The same identities hold for the right operators on the entire space $$\mathscr{B}$$, with the additional restrictions that $$\alpha \lt 1$$ and $$\beta \lt 1$$. The fundamental equation that relates the potential kernels is given next.

If $$\alpha, \, \beta \in (0, 1]$$ with $$\alpha \le \beta$$ then (as kernels), $\beta R_\beta = \alpha R_\alpha + (\beta - \alpha) R_\alpha R_\beta$

Proof

If $$\alpha = \beta$$ the equation is trivial, so assume $$\alpha \lt \beta$$. Suppose that $$f \in \mathscr{B}$$ is nonnegative. From the previous result, $R_\alpha R_\beta f = \sum_{j=0}^\infty \sum_{k=0}^\infty \alpha^j \beta^k P^{j+k} f$ Changing variables to sum over $$n = j + k$$ and $$j$$ gives $R_\alpha R_\beta f = \sum_{n=0}^\infty \sum_{j=0}^n \alpha^j \beta^{n-j} P^n f = \sum_{n=0}^\infty \sum_{j=0}^n \left(\frac{\alpha}{\beta}\right)^j \beta^n P^n f = \sum_{n=0}^\infty \frac{1 - \left(\frac{\alpha}{\beta}\right)^{n+1}}{1 - \frac{\alpha}{\beta}} \beta^n P^n f$ Simplifying gives $R_\alpha R_\beta f = \frac{1}{\beta - \alpha} (\beta R_\beta f - \alpha R_\alpha f)$ Note that since $$\alpha \lt 1$$, $$R_\alpha f$$ is a finite, so we don't have to worry about the dreaded indeterminate form $$\infty - \infty$$.

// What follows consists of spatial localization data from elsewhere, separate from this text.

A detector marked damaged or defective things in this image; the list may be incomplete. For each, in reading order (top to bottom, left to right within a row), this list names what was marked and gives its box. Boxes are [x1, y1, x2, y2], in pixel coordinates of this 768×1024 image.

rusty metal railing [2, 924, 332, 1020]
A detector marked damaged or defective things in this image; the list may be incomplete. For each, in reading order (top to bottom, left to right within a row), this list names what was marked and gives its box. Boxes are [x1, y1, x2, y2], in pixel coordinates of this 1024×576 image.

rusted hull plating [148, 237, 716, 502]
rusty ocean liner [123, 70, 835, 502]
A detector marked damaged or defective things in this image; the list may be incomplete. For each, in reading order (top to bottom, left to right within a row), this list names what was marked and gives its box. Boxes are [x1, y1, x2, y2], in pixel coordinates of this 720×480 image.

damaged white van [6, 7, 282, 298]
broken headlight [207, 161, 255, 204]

The same identity holds holds for the right operators on the entire space $$\mathscr{B}$$, with the additional restriction that $$\beta \lt 1$$.

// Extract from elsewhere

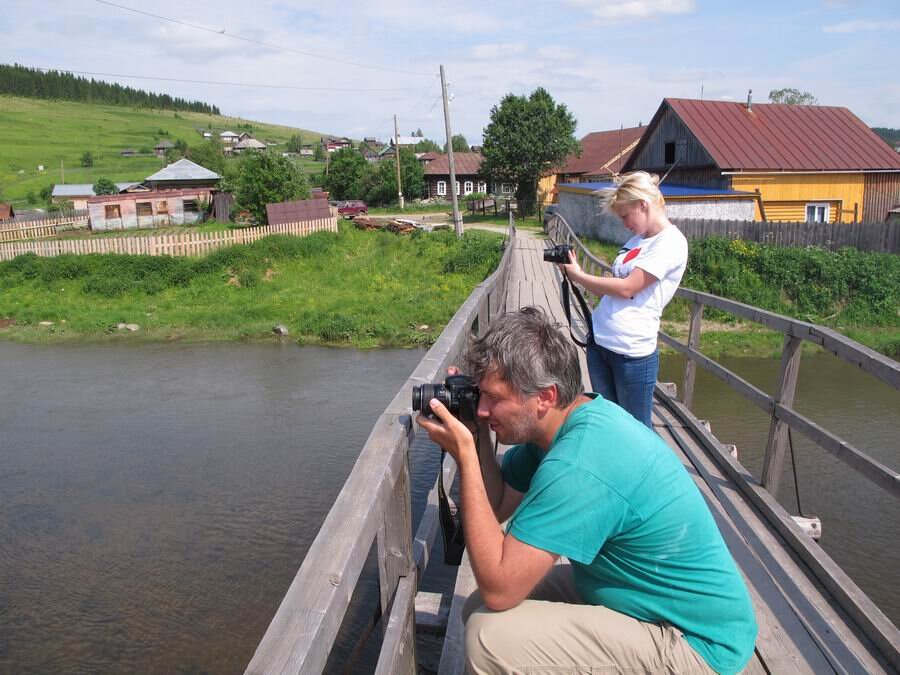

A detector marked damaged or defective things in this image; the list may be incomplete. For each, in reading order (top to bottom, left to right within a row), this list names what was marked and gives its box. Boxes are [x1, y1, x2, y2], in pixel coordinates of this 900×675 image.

rusty metal roof [424, 152, 486, 176]
rusty metal roof [560, 125, 644, 176]
rusty metal roof [660, 97, 900, 172]
rusty metal roof [266, 197, 332, 226]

If $$\alpha \in (0, 1]$$, then (as kernels), $$I + \alpha R_\alpha P = I + \alpha P R_\alpha = R_\alpha$$.

Proof

Suppose that $$f \in \mathscr{B}$$ is nonnegative. From the result above, $(I + \alpha R_\alpha P) f = (I + \alpha P R_\alpha) f = f + \sum_{n=0}^\infty \alpha^{n+1} P^{n+1} f = \sum_{n = 0}^\infty \alpha^n P^n f = R_\alpha f$

The same identity holds for the right operators on the entire space $$\mathscr{B}$$, with the additional restriction that $$\alpha \lt 1$$. This leads to the following important result:

If $$\alpha \in (0, 1)$$, then as operators on the space $$\mathscr{B}$$,

1. $$R_\alpha = (I - \alpha P)^{-1}$$
2. $$P = \frac{1}{\alpha}\left(I - R_\alpha^{-1}\right)$$
Proof

The operators are bounded, so we can subtract. The identity $$I + \alpha R_\alpha P = R_\alpha$$ leads to $$R_\alpha(I - \alpha P) = I$$ and the identity $$I + \alpha P R_\alpha = R_\alpha$$ leads to $$(I - \alpha P) R_\alpha = I$$. Hence (a) holds. Part (b) follows from (a).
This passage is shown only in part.